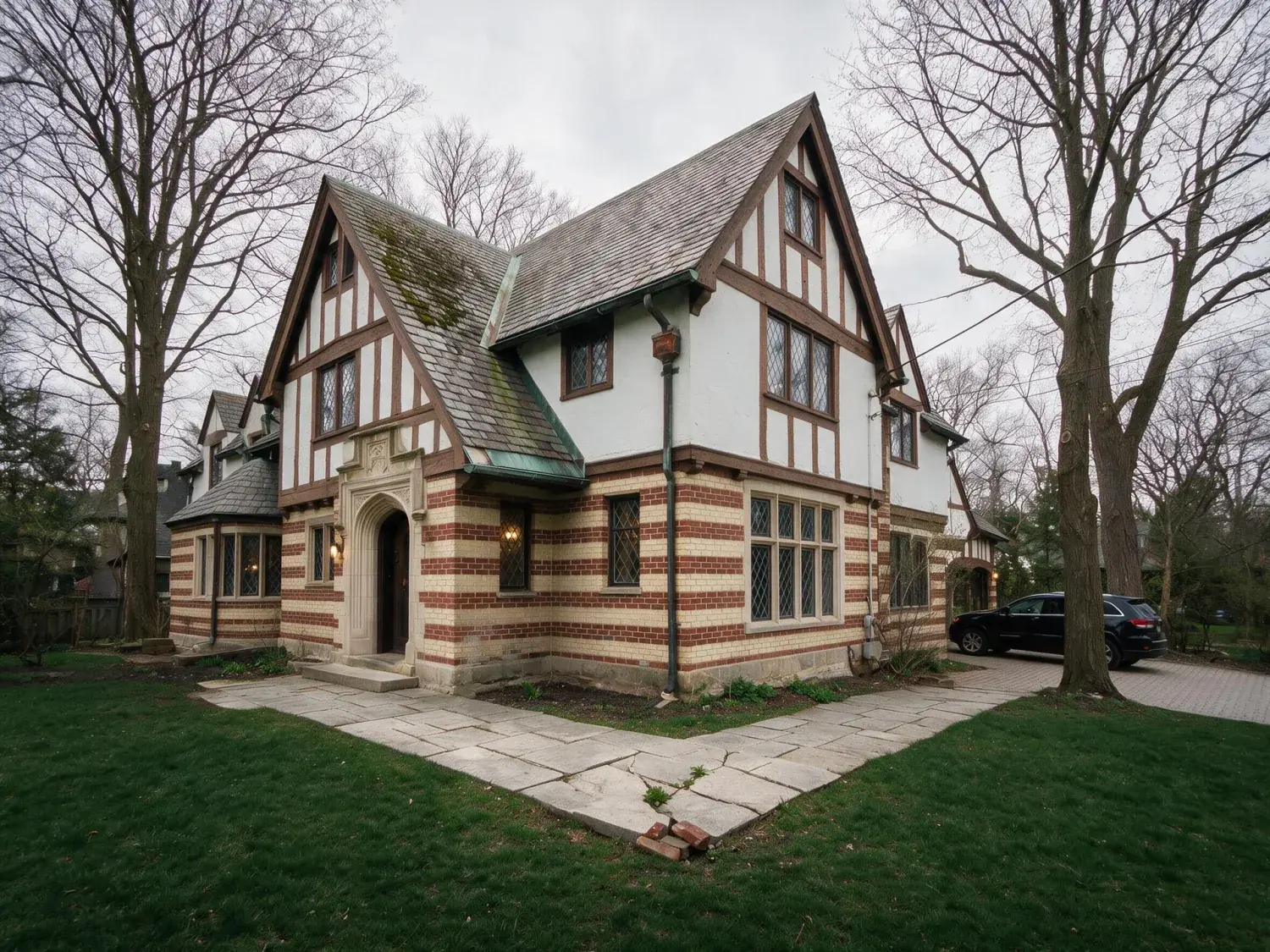 Before and after of a 1920s rosedale tudor-revival estate captured under flat great-lakes overcast, recovered into a realtor.ca / sotheby's canada premium hero — enhanced by Plotpane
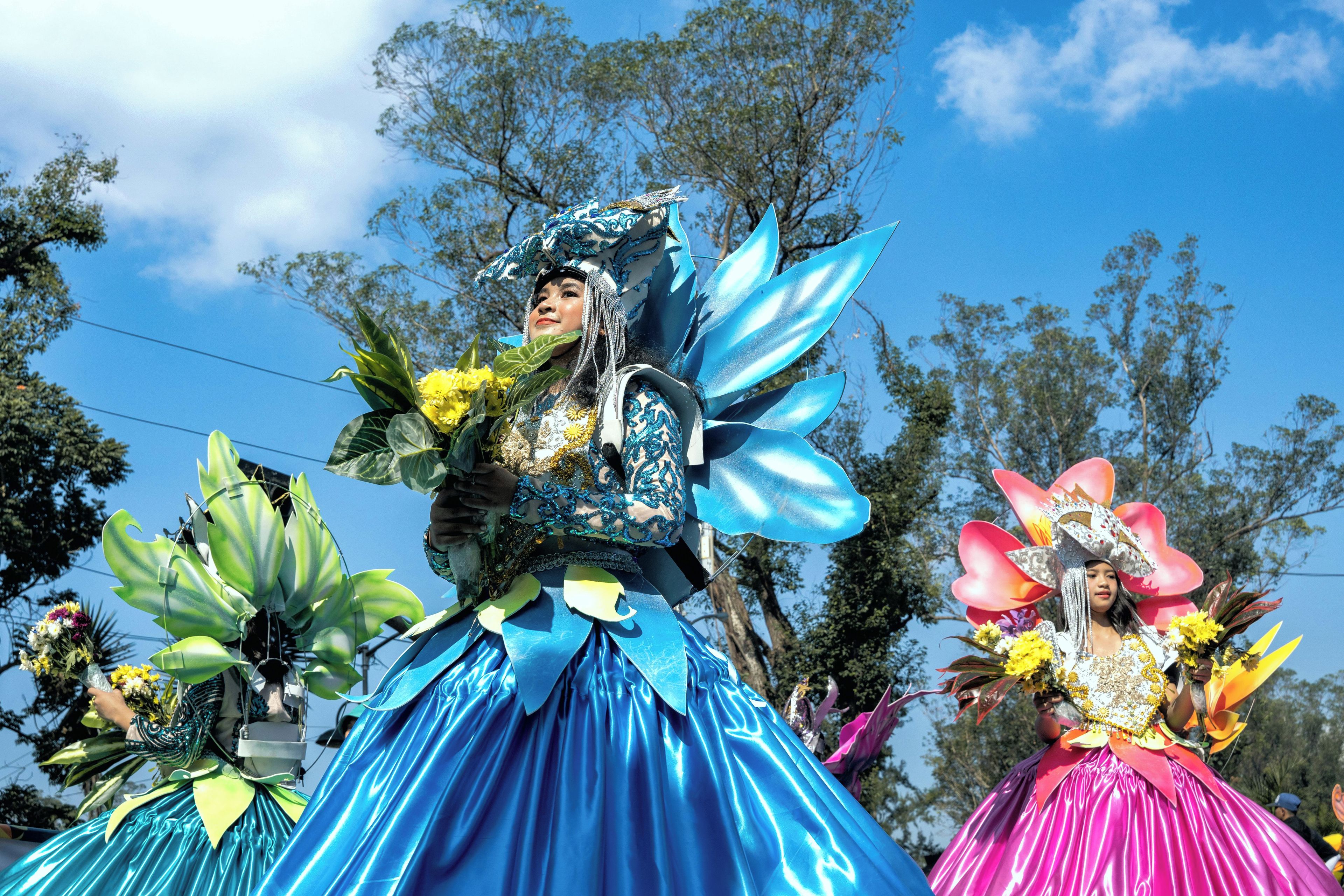 Una persona con un disfraz azul y rosa y una gran tocado de flores.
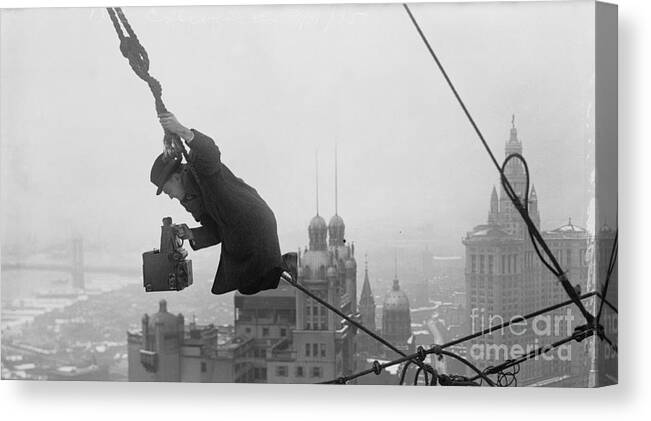 People Canvas Print featuring the photograph Photographer Balanced On Rope by Bettmann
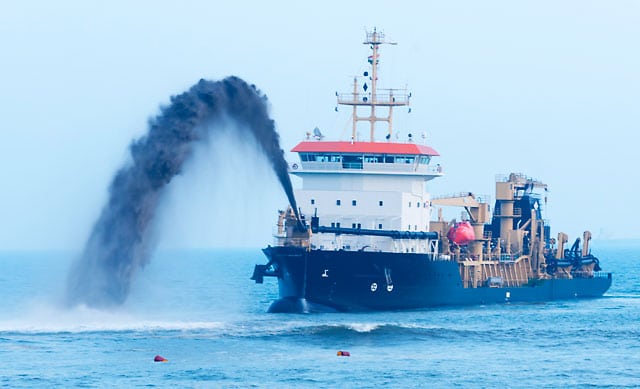 Spout of a dredger at work to reclaim beach erosion.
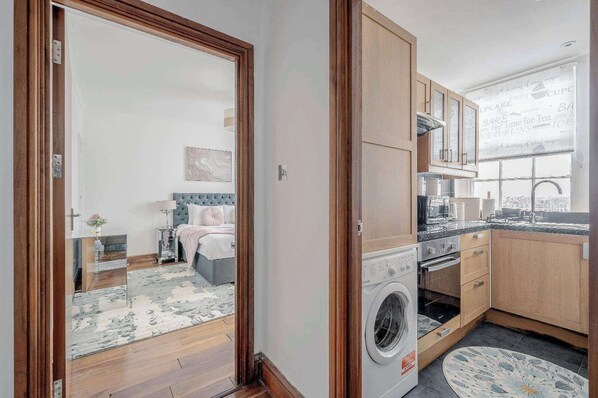 Eine kompakte Wohnung mit Schlafzimmer, Küchenzeile und Blick auf die Stadt.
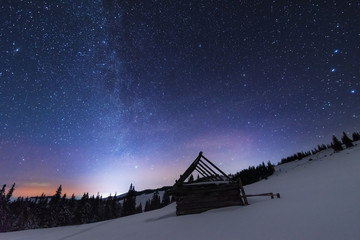 Wall Mural - a bright starry night in the mountains with the milky way in the sky, venus and millions of stars hi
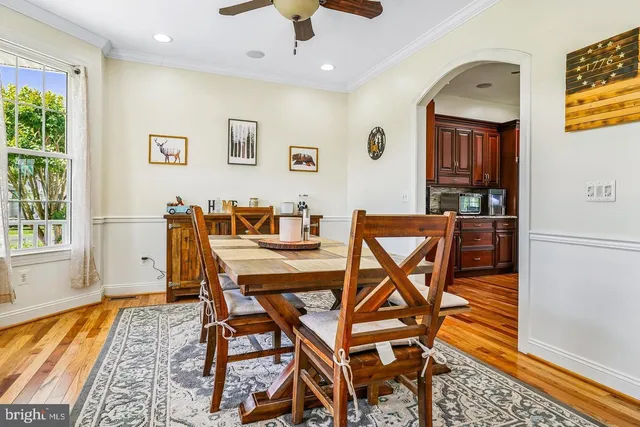 a dining room with furniture and window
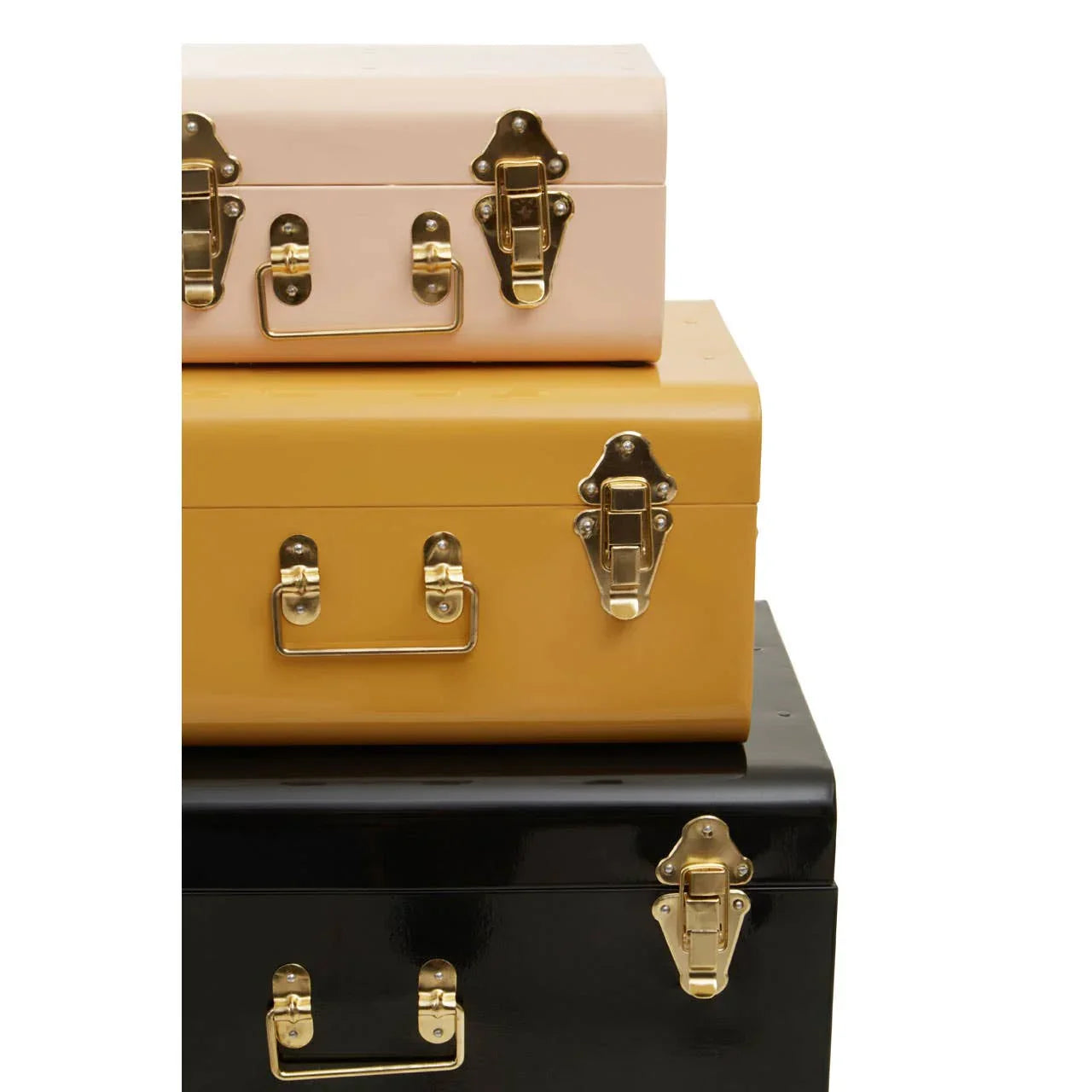 Stack of three metal storage trunks in pink, yellow, and black with gold handles and latches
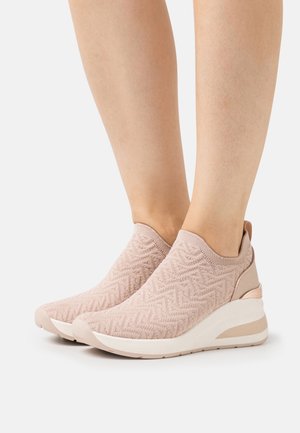 Lyserøde slip-on strikkede sneakers med chevronmønster, tykke hvide såler og trækstropper, båret på bare fødder.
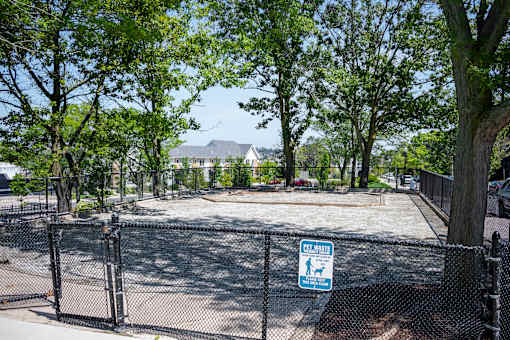 A sign on a fence in a park says "CLEAN WASTE".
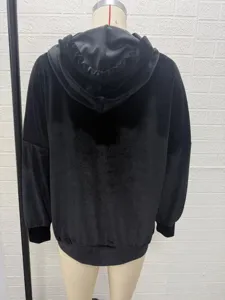 Back view detail of women's black velvet hoodie sweatshirt featuring long sleeves and cozy fabric.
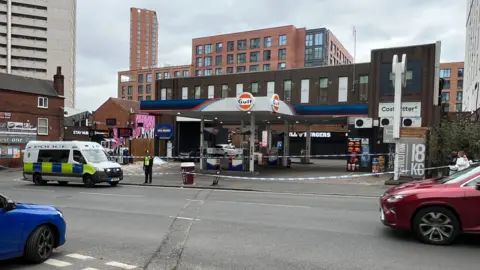 BBC A police van and officer next to a police cordon, with blue and white police tape blocking the entrance of 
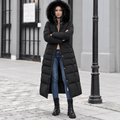 Black maxi puffer coat with box quilting, plush-trim hood, and snap placket, worn over jeans and boots.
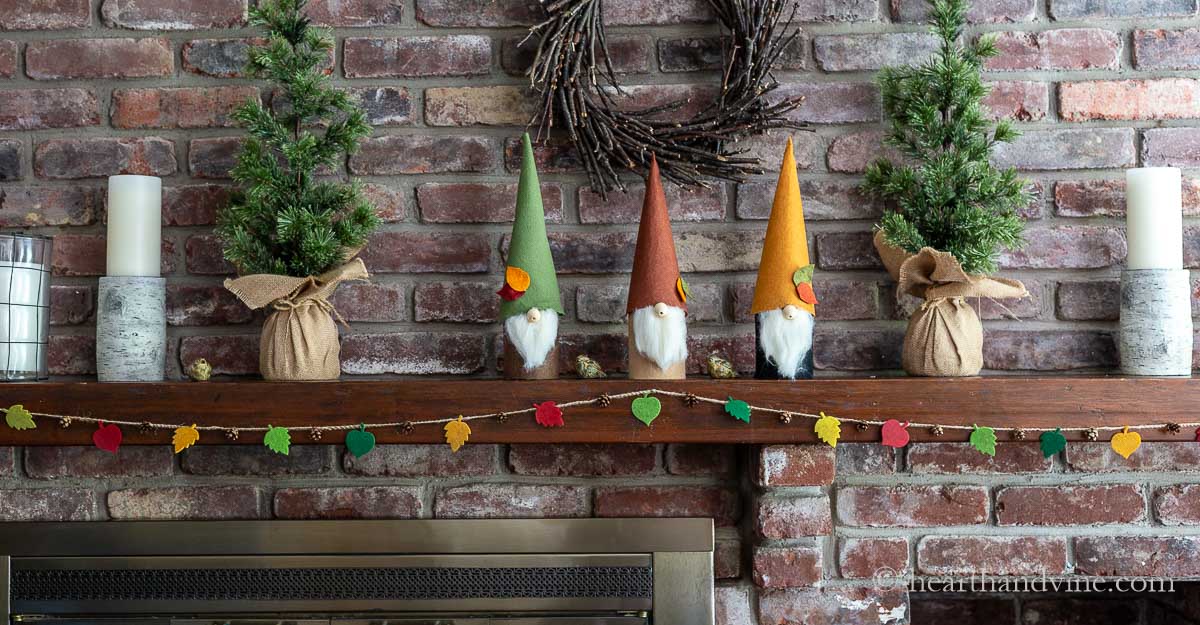 Fall decorated mantel with felt fall leaf garland, gnomes, candles and trees.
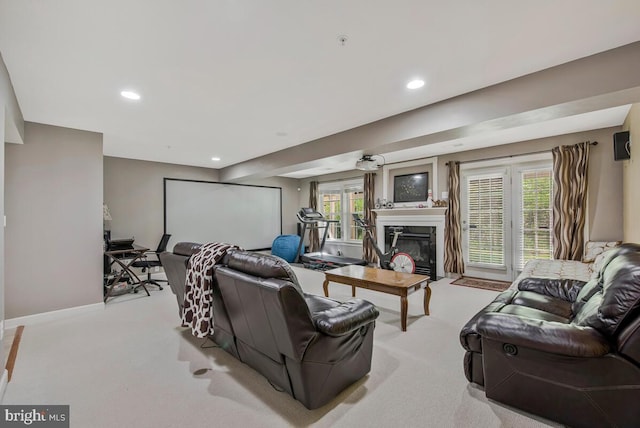 carpeted living room featuring a premium fireplace, baseboards, recessed lighting, and a healthy amount of sunlight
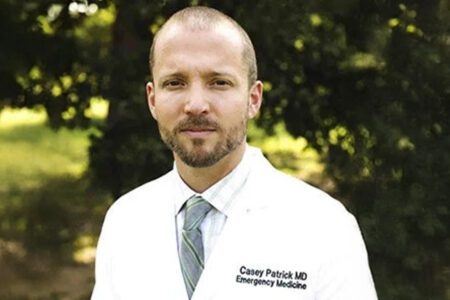 A person with a beard in a white lab coat stands outdoors, with trees in the background. The coat reads, "Casey Patrick MD Emergency Medicine.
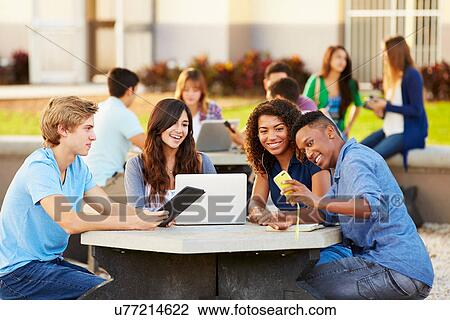High School Students Hanging Out On Campus View Large Photo Image Stock Image - High School Students Hanging Out On Campus . Fotosearch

****

■ WHAT IS BEING ASKED ■
Exclude the pictures and write out exactly the lines from the one holding "carpeted living room" through the end of the entries, inclusive, and only those.

■ EXERCISE OUTPUT ■
 carpeted living room featuring a premium fireplace, baseboards, recessed lighting, and a healthy amount of sunlight
 A person with a beard in a white lab coat stands outdoors, with trees in the background. The coat reads, "Casey Patrick MD Emergency Medicine.
High School Students Hanging Out On Campus View Large Photo Image Stock Image - High School Students Hanging Out On Campus . Fotosearch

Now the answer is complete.